§ **Exercise details**:
Exactly the lines from the first line of the records to the line holding "Hauls（ハウルズ）の「お留守番界隈ルームウェア（ルームウェア/パジャマ）」" should be duplicated, and nothing more; pictures stay out.

§ **Input**:

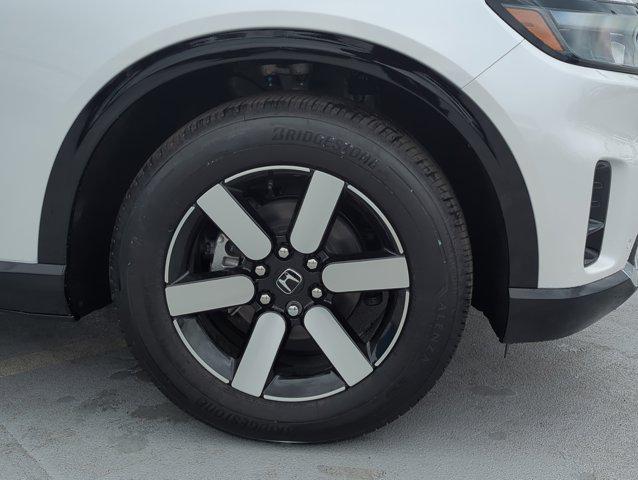new 2025 Honda Prologue car, priced at $56,605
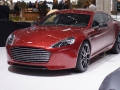 Aston Martin Rapide S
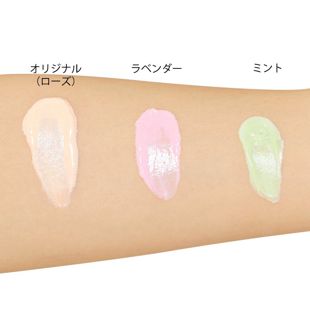 クラビュー ホワイトパールセーションバックステージクリーム #1 オリジナル(ローズ) 30ml SPF30 PA++ の画像 2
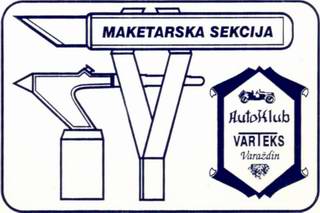Auto Kluba Varteks Varazdin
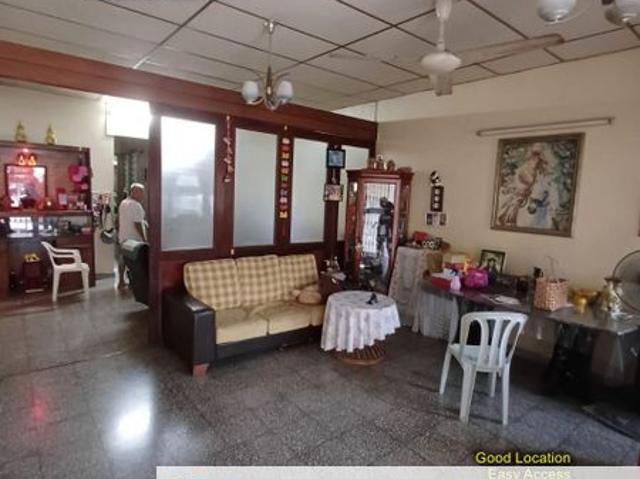 House for sale in Pulau Tikus, George Town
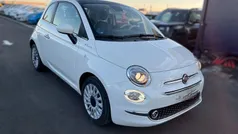 Usado 2023 Fiat 500 Dolcevita Utilitario | 13.400 € (Precio justo)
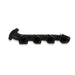 Hooker BHS560 Blackheart Exhaust Manifold - Truck Part Superstore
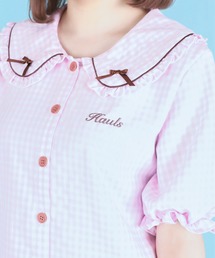 Hauls（ハウルズ）の「お留守番界隈ルームウェア（ルームウェア/パジャマ）」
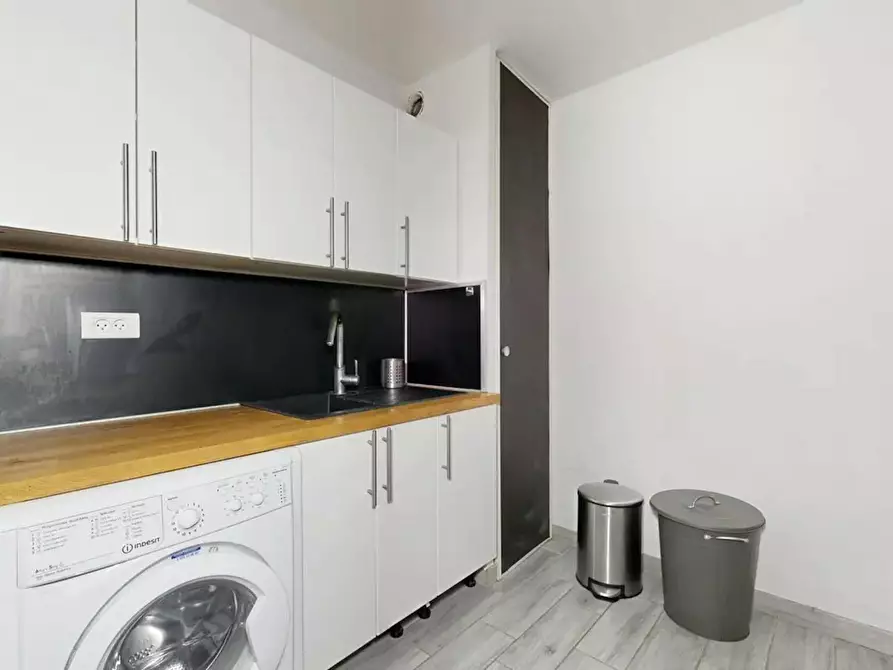Immagine 10 di Appartamento in affitto  in Rue Jean-Baptiste Carpeaux a Dijon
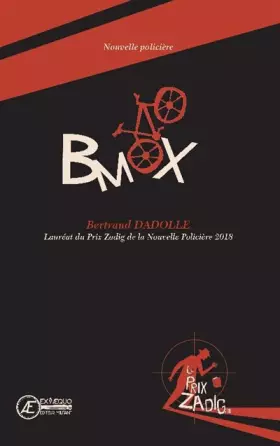 Couverture du produit · BMX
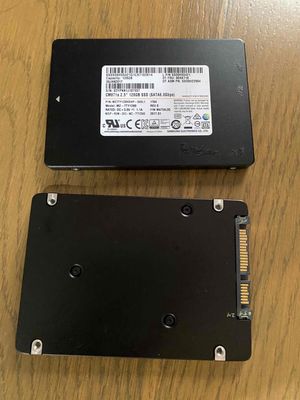 SSD Laptop Pc 128G hiệu Samsung zin all W10 Pro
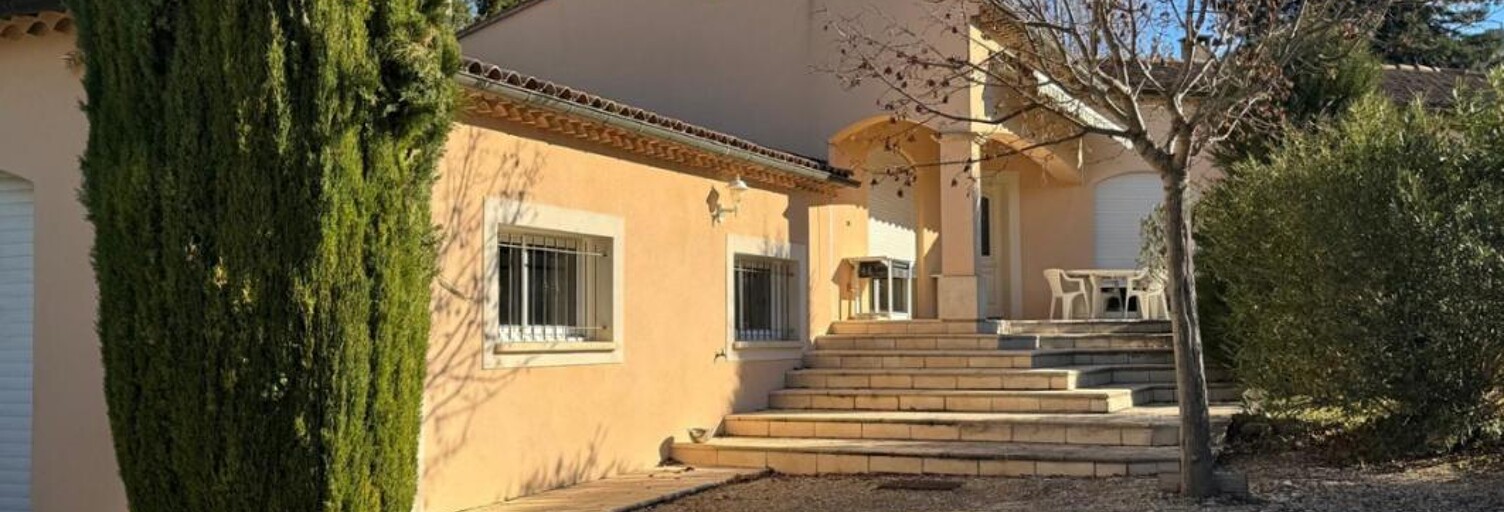 Maison 6 Pièces 170 m² à vendre à Malaucène (84340)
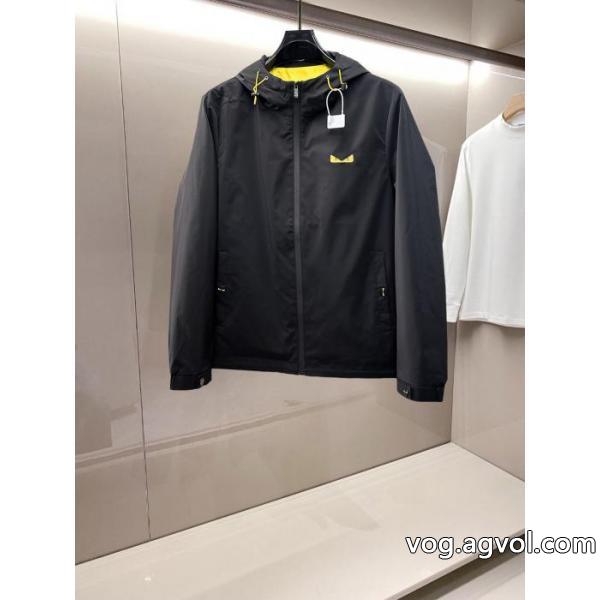 FENDIコピー 品 ブランド快適な履き心地在庫希少コート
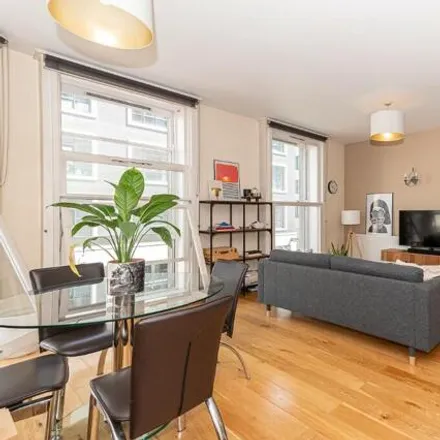 Rent this 2 bed room on 37-41 Westbourne Grove in London, W2 4UH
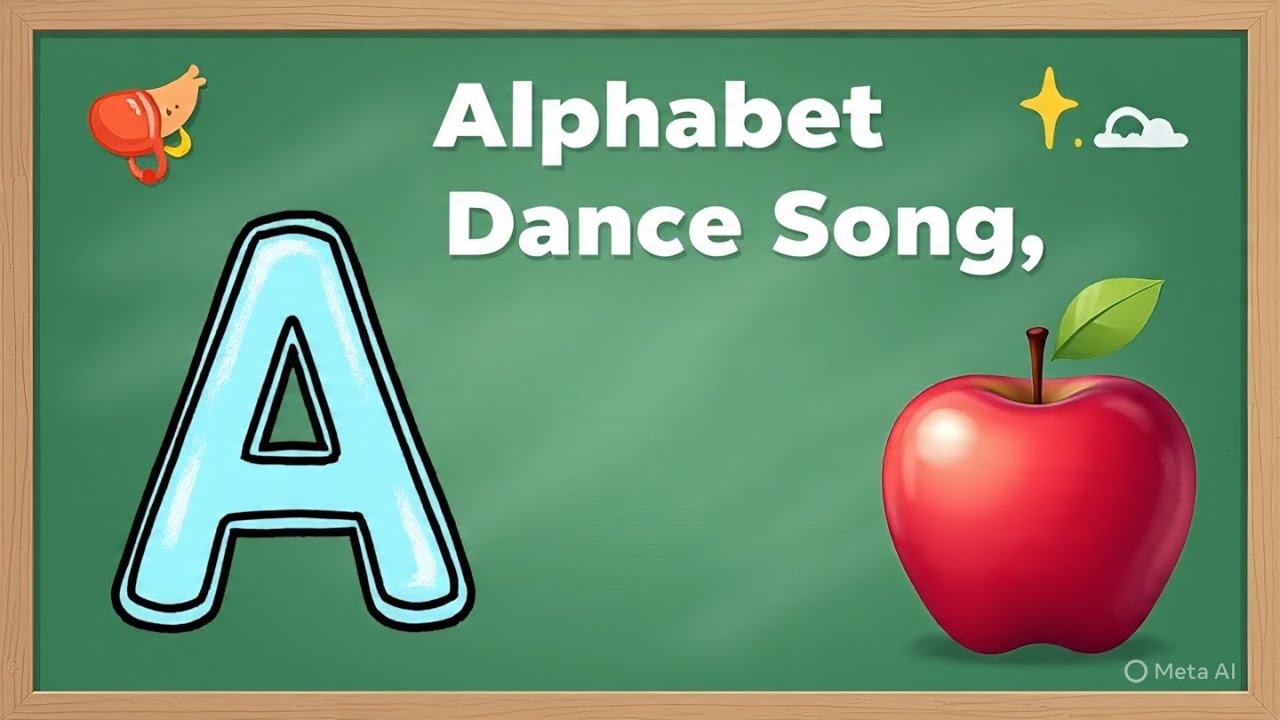 Фонетическая песенка из ДВУХ слов. Изучаем алфавит с помощью забавных рифм. Песенка про алфавит о...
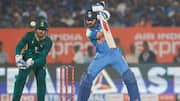 'Felt free in mind..': Kohli after SA ODI series heroics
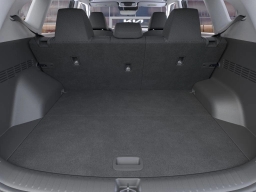 Kia Seltos LX AWD 2026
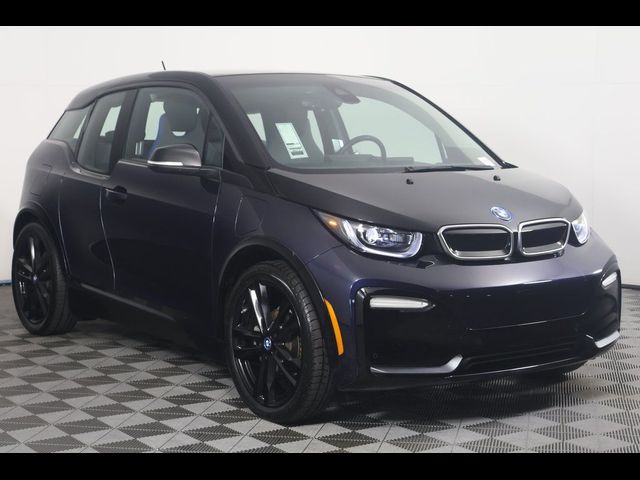 2021 BMW i3 S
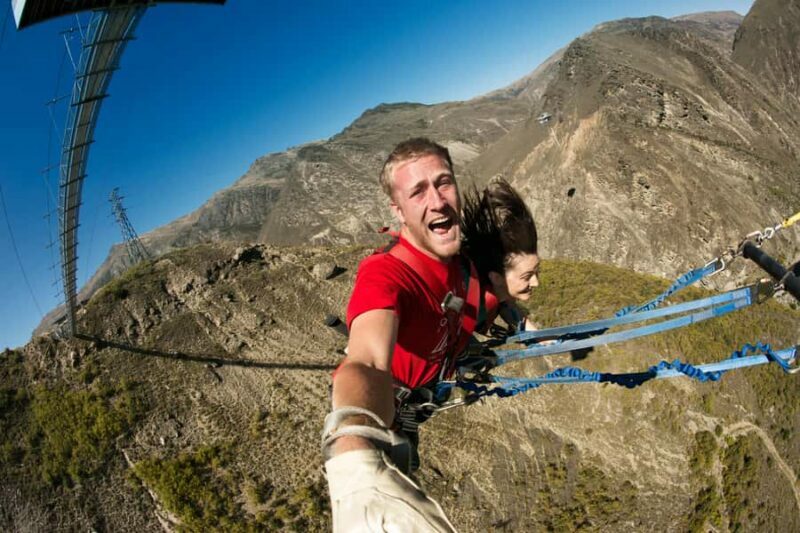 Queenstown: Nevis Bungy & Swing Combo - Who Should Consider This Tour?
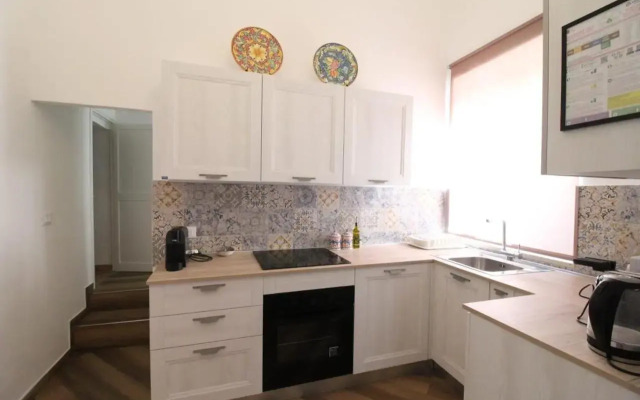 Appartamenti Anca
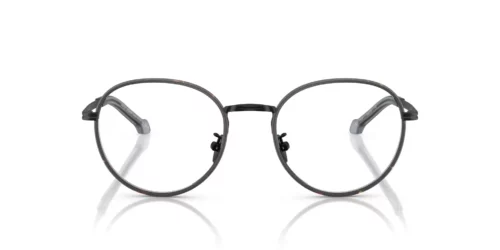 Giorgio Armani  AR5151J Armação Preta Fosca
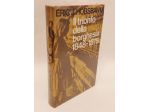 Il trionfo della borghesia 1848-1875 Eric J.Hobsbawm Club degli Editori, 1981 nu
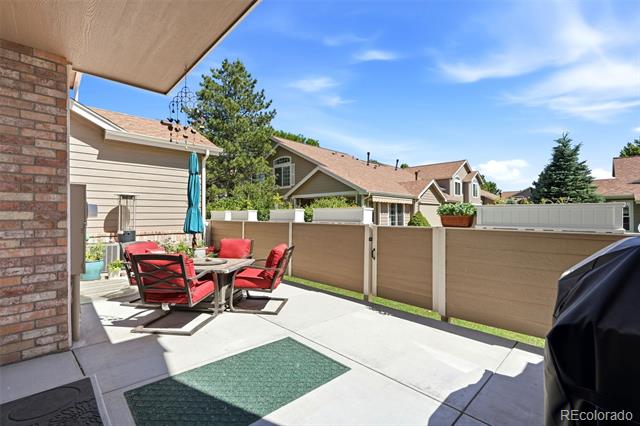 7700 W Grant Ranch Boulevard Unit: 8B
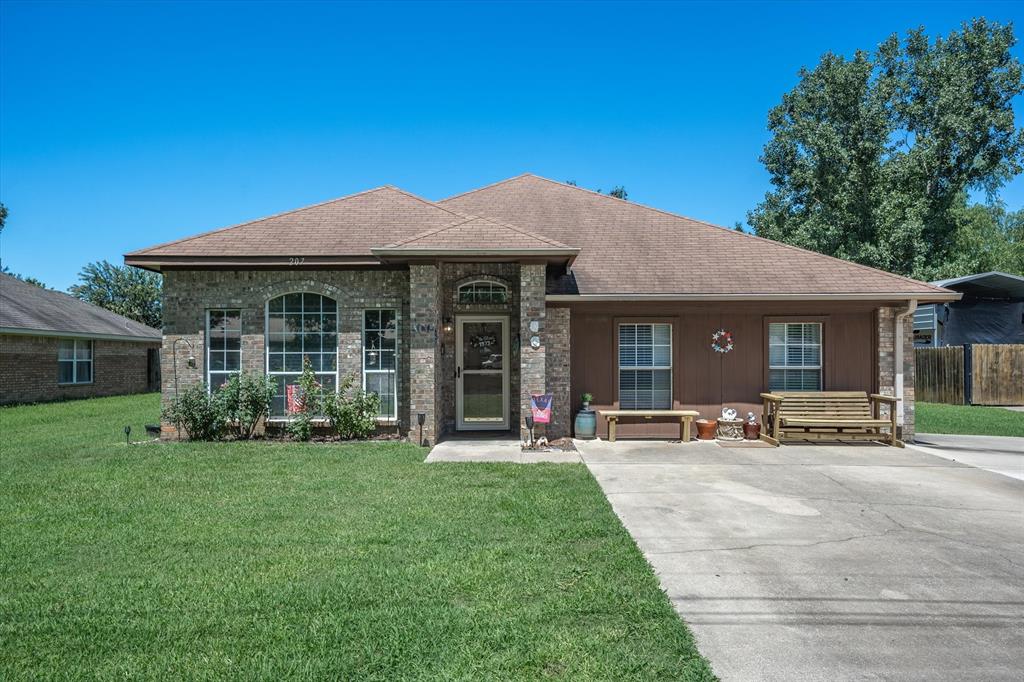 Oak St, Bullard, TX 75757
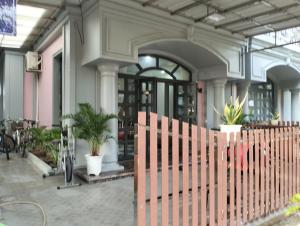 MT Luxury Villas Phú Quốc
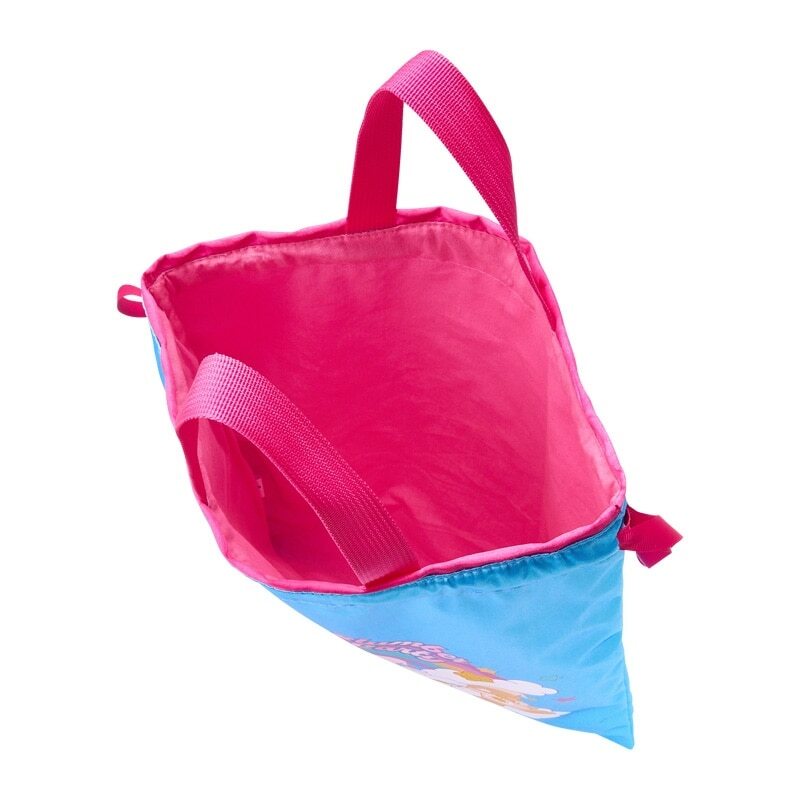 🇯🇵限定care bears睡覺小手提袋(現貨)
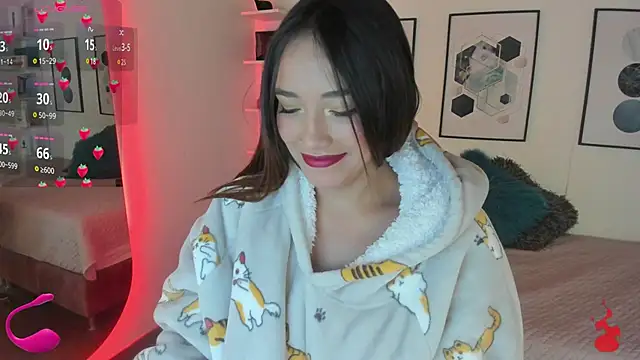 cristal  hot 1 online show from January 2025 10:12:02 AM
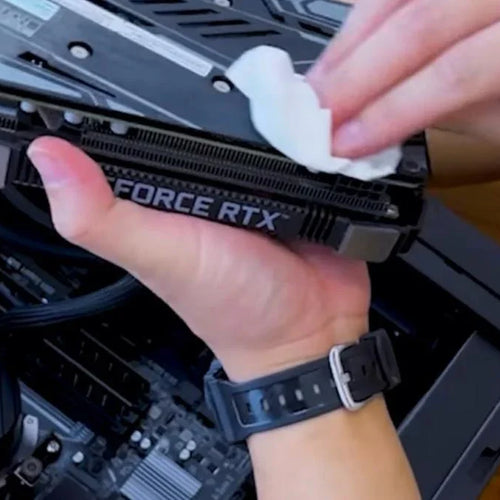 Onsite Upgrade - Processor and Cooler - Mansa Computers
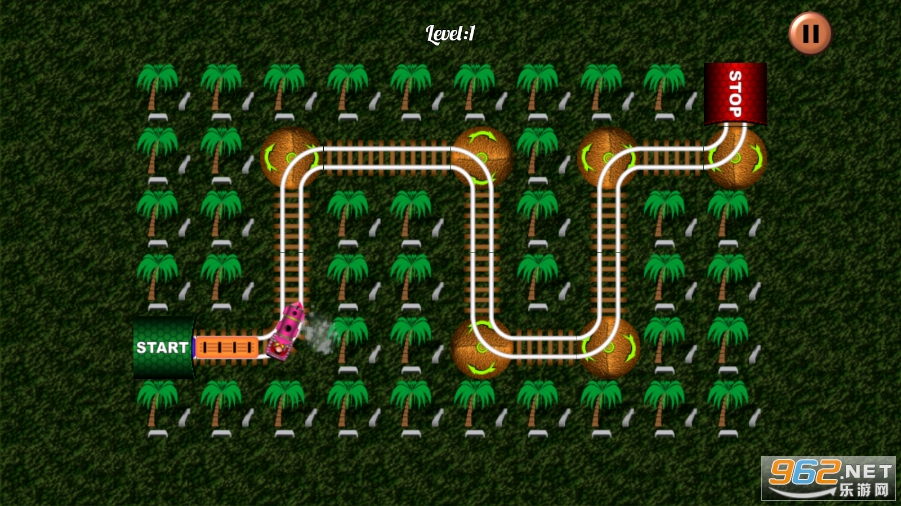 Motu Patlu Train Simulator(Motu Patlu�г�ģ�������°�)��ͼ3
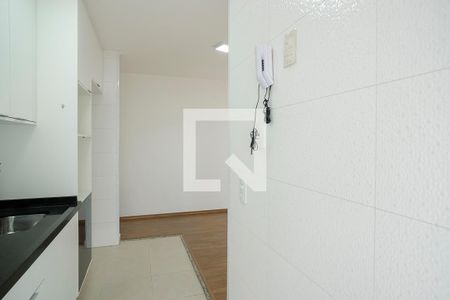 Apartamento para alugar com 52m², 2 quartos e 1 vagaCozinha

§ **Response for this exercise**:
new 2025 Honda Prologue car, priced at $56,605
 Aston Martin Rapide S
 クラビュー ホワイトパールセーションバックステージクリーム #1 オリジナル(ローズ) 30ml SPF30 PA++ の画像 2
Auto Kluba Varteks Varazdin
 House for sale in Pulau Tikus, George Town
 Usado 2023 Fiat 500 Dolcevita Utilitario | 13.400 € (Precio justo)
 Hooker BHS560 Blackheart Exhaust Manifold - Truck Part Superstore
 Hauls（ハウルズ）の「お留守番界隈ルームウェア（ルームウェア/パジャマ）」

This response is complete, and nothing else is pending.